Dylan Cashman, Adam Perer, Remco Chang et al.

Deep learning models require the configuration of many layers and parameters in order to get good results. However, there are currently few systematic guidelines for how to configure a successful model. This means model builders often have to experiment with different configurations by manually programming different architectures (which is tedious and time consuming) or rely on purely automated approaches to generate and train the architectures (which is expensive). In this paper, we present Rapid Exploration of Model Architectures and Parameters, or REMAP, a visual analytics tool that allows a model builder to discover a deep learning model quickly via exploration and rapid experimentation of neural network architectures. In REMAP, the user explores the large and complex parameter space for neural network architectures using a combination of global inspection and local experimentation. Through a visual overview of a set of models, the user identifies interesting clusters of architectures. Based on their findings, the user can run ablation and variation experiments to identify the effects of adding, removing, or replacing layers in a given architecture and generate new models accordingly. They can also handcraft new models using a simple graphical interface. As a result, a model builder can build deep learning models quickly, efficiently, and without manual programming. We inform the design of REMAP through a design study with four deep learning model builders. Through a use case, we demonstrate that REMAP allows users to discover performant neural network architectures efficiently using visual exploration and user-defined semi-automated searches through the model space.

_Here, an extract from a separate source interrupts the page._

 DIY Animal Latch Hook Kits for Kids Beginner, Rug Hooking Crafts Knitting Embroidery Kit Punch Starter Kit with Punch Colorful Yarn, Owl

Gregory Plumb, Maruan Al-Shedivat, Angel Alexander Cabrera et al.

Most of the work on interpretable machine learning has focused on designing either inherently interpretable models, which typically trade-off accuracy for interpretability, or post-hoc explanation systems, whose explanation quality can be unpredictable. Our method, ExpO, is a hybridization of these approaches that regularizes a model for explanation quality at training time. Importantly, these regularizers are differentiable, model agnostic, and require no domain knowledge to define. We demonstrate that post-hoc explanations for ExpO-regularized models have better explanation quality, as measured by the common fidelity and stability metrics. We verify that improving these metrics leads to significantly more useful explanations with a user study on a realistic task.

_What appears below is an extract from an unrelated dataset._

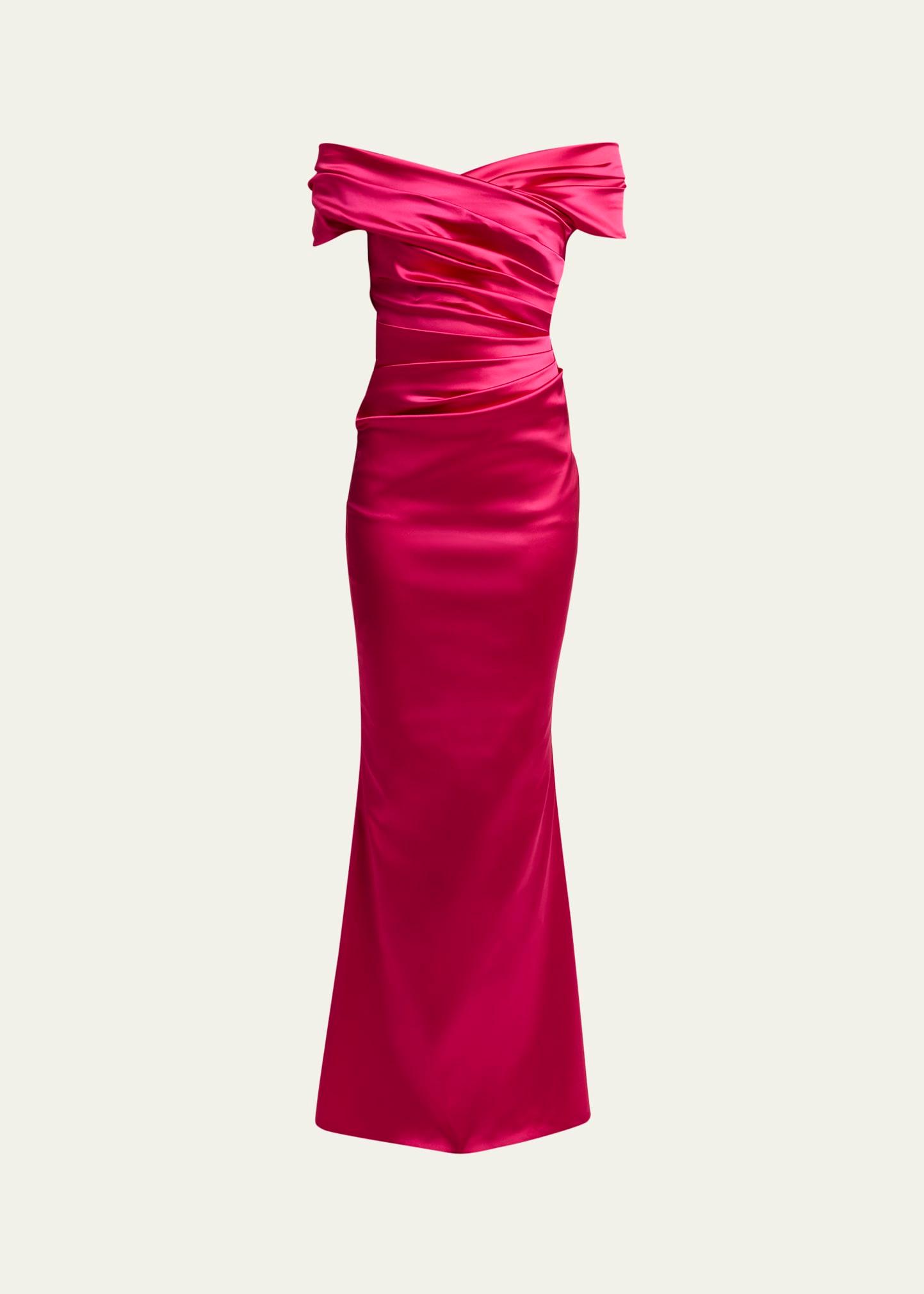 off-shoulder trumpet stretch satin gown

Hendrik Strobelt, Sebastian Gehrmann, Michael Behrisch et al.

Neural Sequence-to-Sequence models have proven to be accurate and robust for many sequence prediction tasks, and have become the standard approach for automatic translation of text. The models work in a five stage blackbox process that involves encoding a source sequence to a vector space and then decoding out to a new target sequence. This process is now standard, but like many deep learning methods remains quite difficult to understand or debug. In this work, we present a visual analysis tool that allows interaction with a trained sequence-to-sequence model through each stage of the translation process. The aim is to identify which patterns have been learned and to detect model errors. We demonstrate the utility of our tool through several real-world large-scale sequence-to-sequence use cases.

Josua Krause, Adam Perer, Enrico Bertini

It is commonly believed that increasing the interpretability of a machine learning model may decrease its predictive power. However, inspecting input-output relationships of those models using visual analytics, while treating them as black-box, can help to understand the reasoning behind outcomes without sacrificing predictive quality. We identify a space of possible solutions and provide two examples of where such techniques have been successfully used in practice.